Aim of the task
Exactly the lines from the one containing "Ice Silver Metallic" through the end of the entries, both ends included, are to be output.

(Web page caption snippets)
+++

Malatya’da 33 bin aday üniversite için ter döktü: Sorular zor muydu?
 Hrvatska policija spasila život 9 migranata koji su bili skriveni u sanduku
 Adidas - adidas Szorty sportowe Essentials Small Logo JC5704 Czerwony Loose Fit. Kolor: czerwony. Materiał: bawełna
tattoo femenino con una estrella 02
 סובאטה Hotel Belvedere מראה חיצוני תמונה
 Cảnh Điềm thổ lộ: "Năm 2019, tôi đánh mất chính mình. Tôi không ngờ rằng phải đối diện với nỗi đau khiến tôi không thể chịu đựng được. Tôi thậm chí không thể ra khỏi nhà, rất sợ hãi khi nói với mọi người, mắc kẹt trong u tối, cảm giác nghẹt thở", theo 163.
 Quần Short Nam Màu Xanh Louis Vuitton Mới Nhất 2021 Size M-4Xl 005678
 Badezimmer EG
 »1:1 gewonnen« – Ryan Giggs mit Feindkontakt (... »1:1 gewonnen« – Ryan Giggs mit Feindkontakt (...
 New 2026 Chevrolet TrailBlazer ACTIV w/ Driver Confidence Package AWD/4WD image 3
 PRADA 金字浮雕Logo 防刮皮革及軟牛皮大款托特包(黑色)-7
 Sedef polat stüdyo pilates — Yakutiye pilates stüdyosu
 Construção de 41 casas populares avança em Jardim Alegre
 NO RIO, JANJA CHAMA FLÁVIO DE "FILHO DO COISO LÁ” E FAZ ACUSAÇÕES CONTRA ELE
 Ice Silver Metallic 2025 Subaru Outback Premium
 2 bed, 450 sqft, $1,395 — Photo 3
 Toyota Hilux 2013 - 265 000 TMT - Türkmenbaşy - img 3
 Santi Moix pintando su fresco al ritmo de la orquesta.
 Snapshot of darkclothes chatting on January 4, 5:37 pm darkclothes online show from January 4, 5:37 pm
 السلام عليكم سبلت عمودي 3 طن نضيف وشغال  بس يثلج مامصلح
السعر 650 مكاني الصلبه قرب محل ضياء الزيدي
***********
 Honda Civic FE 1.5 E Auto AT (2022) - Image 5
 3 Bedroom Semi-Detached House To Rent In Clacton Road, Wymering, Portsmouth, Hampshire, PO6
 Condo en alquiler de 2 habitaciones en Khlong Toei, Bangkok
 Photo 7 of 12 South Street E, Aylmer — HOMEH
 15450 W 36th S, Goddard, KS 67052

+++

Task response
 Ice Silver Metallic 2025 Subaru Outback Premium
 2 bed, 450 sqft, $1,395 — Photo 3
 Toyota Hilux 2013 - 265 000 TMT - Türkmenbaşy - img 3
 Santi Moix pintando su fresco al ritmo de la orquesta.
 Snapshot of darkclothes chatting on January 4, 5:37 pm darkclothes online show from January 4, 5:37 pm
 السلام عليكم سبلت عمودي 3 طن نضيف وشغال  بس يثلج مامصلح
السعر 650 مكاني الصلبه قرب محل ضياء الزيدي
***********
 Honda Civic FE 1.5 E Auto AT (2022) - Image 5
 3 Bedroom Semi-Detached House To Rent In Clacton Road, Wymering, Portsmouth, Hampshire, PO6
 Condo en alquiler de 2 habitaciones en Khlong Toei, Bangkok
 Photo 7 of 12 South Street E, Aylmer — HOMEH
 15450 W 36th S, Goddard, KS 67052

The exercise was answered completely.